Kansas business owners should recognize that electing S corp status is not a way of structuring their businesses, but rather, it is a type of tax classification. 

When it comes time to file annual taxes, the IRS sees S corps as pass-through entities. Instead of filing a corporate tax return separately, owners can have their company’s profits and losses go through to its shareholders’ tax rates. Depending on the type and size of the business entity, this can have significant tax savings.

To elect S corp status, business owners must first incorporate as a C corporation or limited liability company (LLC). You can form an LLC and elect one of the two corporation types – S corp or C corp – to determine how your business will file its taxes. Note that an S corp is a pass-through entity, but a C corp is not.

Tax Considerations for an S Corporation in Kansas

Remember that electing S corp status means choosing a tax classification and not a business structure. This affects your business and what legal rules it needs to follow. However, there are also a set of state tax rules that Kansas S corp owners need to adhere to.

Kansas Tax Treatment of S Corporations

According to the Tax Foundation, “Kansas has a graduated individual income tax with rates ranging from 3.10% to 5.70%.” Jurisdictions also collect local income taxes and enforce a 4 to 7% corporate income tax rate separate from the federal tax rate.[2] There is no Kansas franchise tax.
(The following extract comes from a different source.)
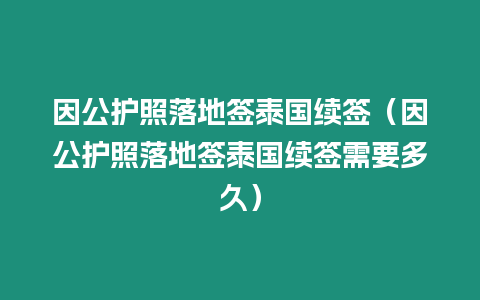 因公護照落地簽泰國續簽（因公護照落地簽泰國續簽需要多久）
As stated, electing S corporation status means the business becomes a pass-through entity. Owners can avoid being taxed twice on corporate income as their tax returns are assessed at the individual’s income tax rates.[1]

Pass-Through Taxation

As of January 1, 2022, House Bill 2239 allows pass-through entities to make an annual election to pay entity-level state taxes for taxable years.[5] For S corps, any shareholder is responsible for filing taxes on behalf of the entity’s profits and losses. The tax rate for the pass-through entity tax is 5.7%.[6]

Owners of pass-through entities can claim a credit against income tax. When filing their income tax return, they can receive a credit equal to their direct share of the Kansas pass-through entity tax.[6]
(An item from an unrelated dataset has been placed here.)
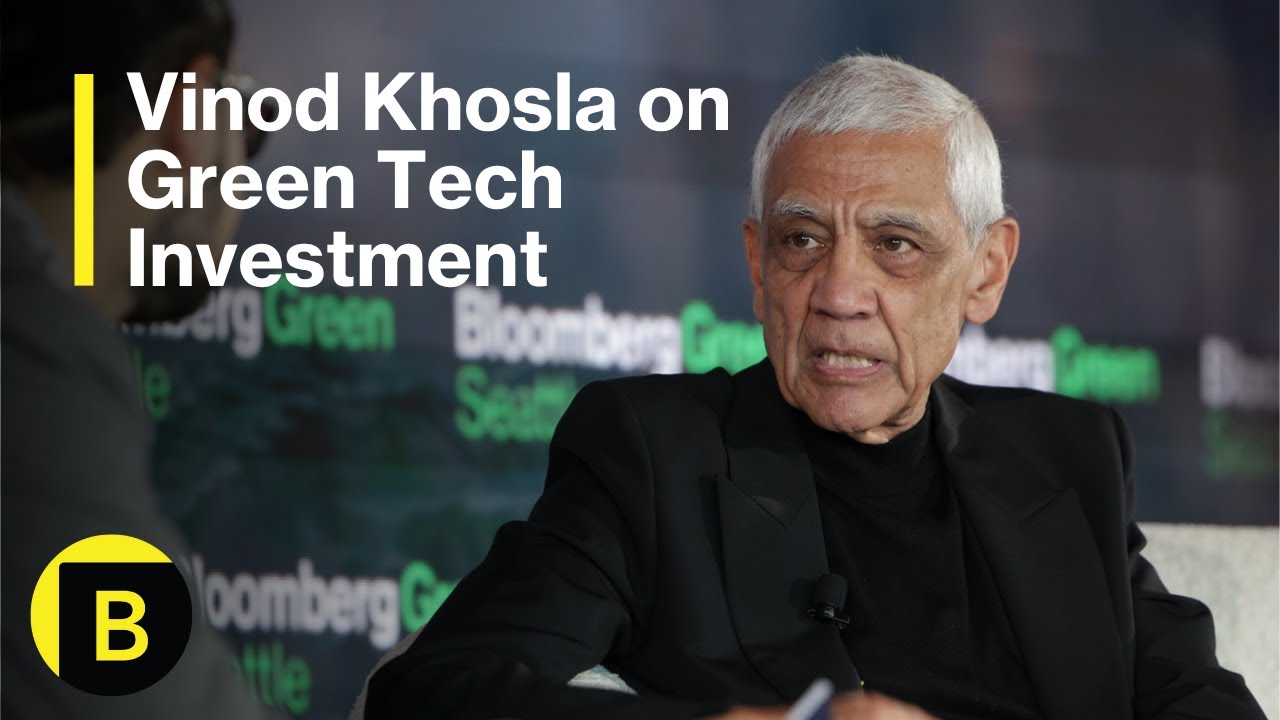 Vinod Khosla on Green Tech Investment - Bloomberg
Requirements for Forming an S Corporation in Kansas

The S corp tax classification is particularly attractive for small businesses and LLCs. However, not just any business can elect itself as an S corp. According to the IRS, businesses must meet the following requirements to qualify for S corp status:[1]

  • Be a domestic corporation that operates in the United States

  • Appoint allowable S corporation shareholders (individuals, certain trusts, U.S. citizens, or estates)

  • Have no more than 100 shareholders

  • Have only one class of stock

  • Not be an ineligible corporation (certain financial institutions, insurance companies, or domestic international sales corporations)

Shareholders must take on their entity’s corporate taxes at the state and federal levels. For this reason, the entity must operate in the U.S., among other requirements. You should check that your business and its shareholders fit the qualifications above before applying for S corp status.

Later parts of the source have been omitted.